You may recall from my last blog post that TOERAG (that’s an acronym for my male human) took me to the vet.  Unbeknownst to me, he and TOTCA (my female human) had been hatching a plan to take me back there again – reference my teeth!  Can you believe it?! I’ve been on this planet for over 12 years and now’s the time to start talking TEETH!!

Ralph The Brave One…

Perhaps you’re not aware that for a long time I’ve been known in my family as ‘Ralph The Brave One’.  This worthy title dates back some years, and I have earned it on many occasions.  For example, the picture at the top of the page shows me confronting a toad in Kent – as you can see, I’m the model of bravery-under-pressure here (albeit TOERAG himself eventually removed the toad from the tarpaulin whilst I ate his sandwiches for him).
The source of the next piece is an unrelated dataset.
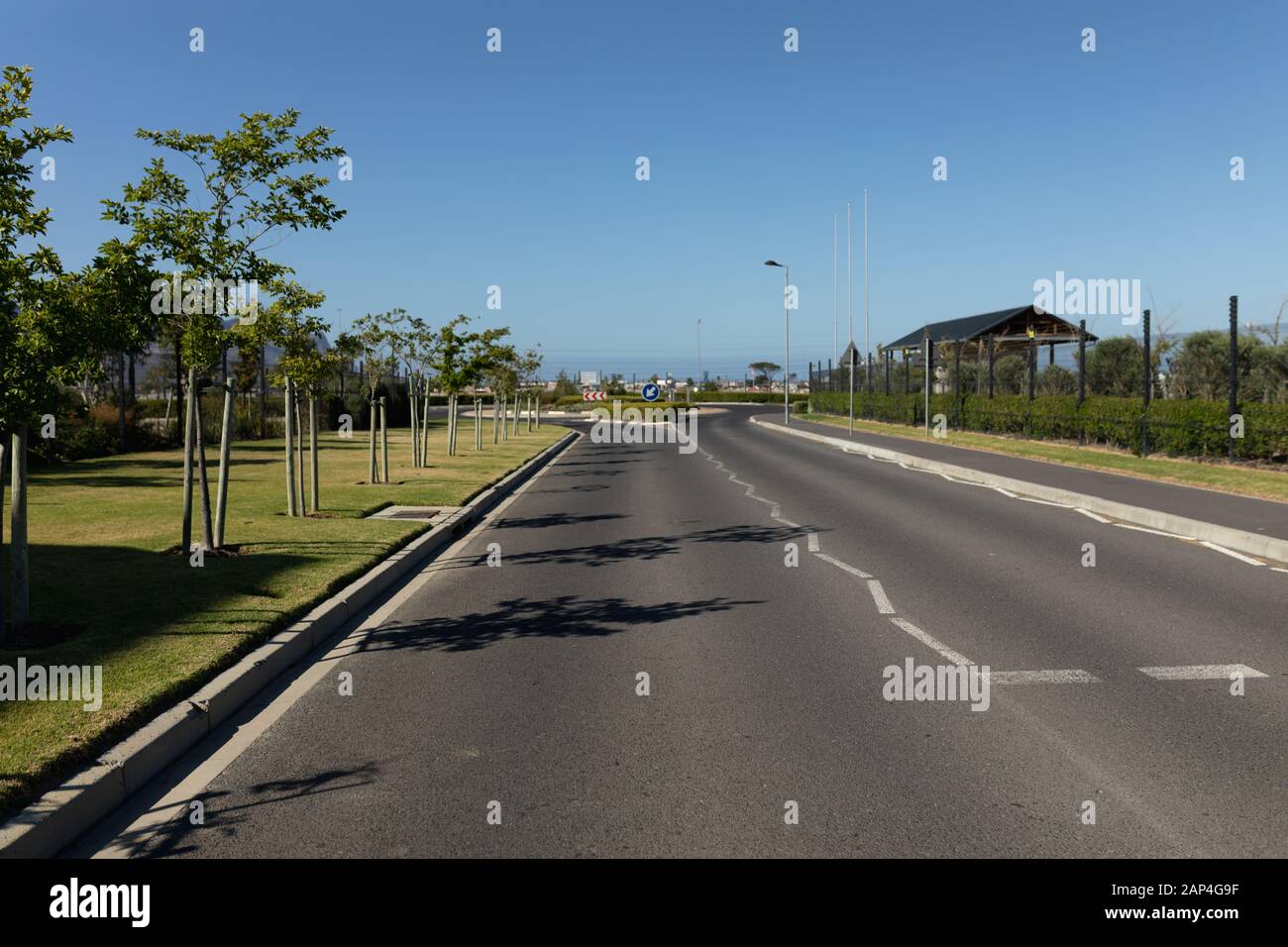 Empty two-way asphalt road Stock Photo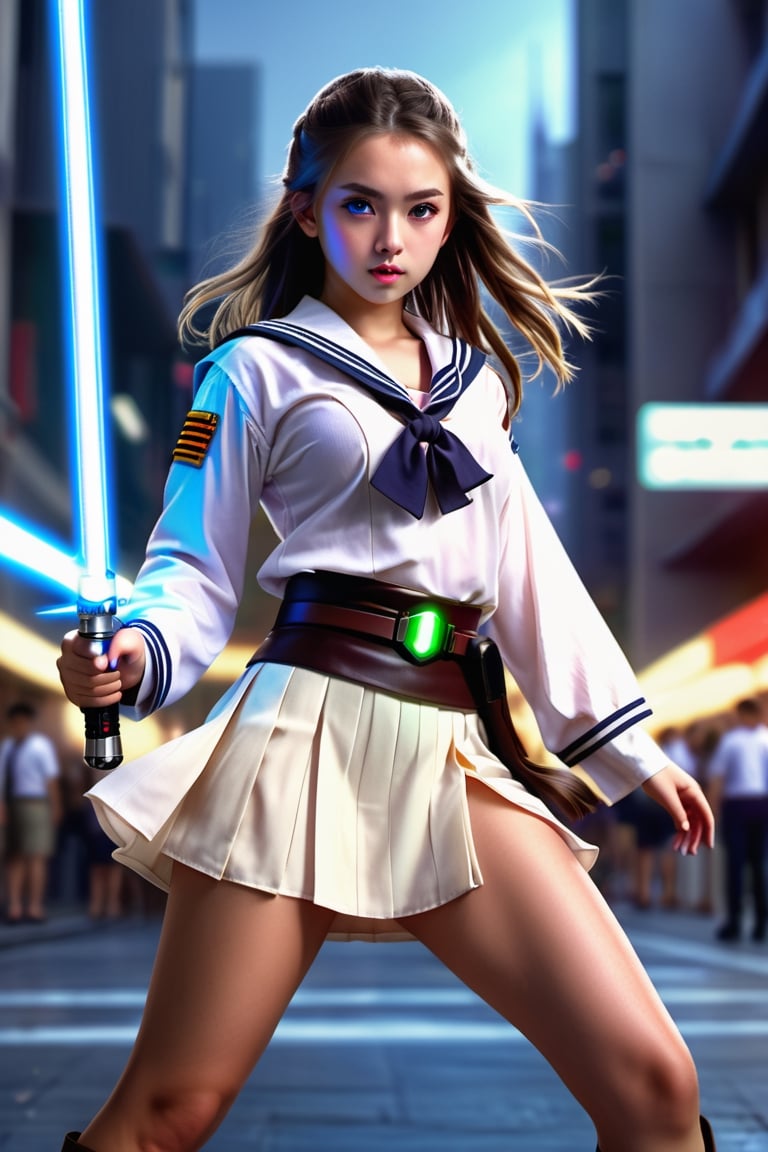 (1 jedi school Girl)、In school uniform, sailor style blouse, bare-legs, ((Have a lightsaber))、large glowing eyes, serious expression ,medium breasts, long straight hair, floating hair, Super detailed illustration、extra detailed face、wide open mouth,Raw photography、film grains、detailed skin textures、Detailed fabric texture、dynamic pose, Character Focus, city street, crowd ,battle scene, dynamic pose,side view, look at me, detailmaster2,neon photography style,detailmaster2,science fiction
On another occasion, TOERAG invited an entire pack of foxhounds to visit my farm in Kent.  He hadn’t given me prior warning of this invitation, so I was a little surprised to discover this large crew suddenly outside the tack room.  Somewhat taken aback at all the well-deserved attention I received from these tall chaps, my pelvic floor didn’t quite cope with the situation.  Possibly not my bravest encounter, but it still shows that I’m prepared to go where others fear to tread.  I have shared with you above a rather nice picture of the West Kent Foxhounds taken in 1931 (apparently before even TOERAG was born) – the most interesting canine being the one in charge: a brave Jack Russell Terrier of course!

Always being stoic…

Here at Stockham Farm on Exmoor, there are numerous incidents of my stoic behaviour to recount – regularly greeting the new dog friends that arrive here to stay in the Victorian Wing cottage and bring their humans with them; working hard on the digger to get the large pond ready for next year’s guests; and of course trying to get ahead with the renovation of the Piggery cottage so that more friends can come and stay in 2019.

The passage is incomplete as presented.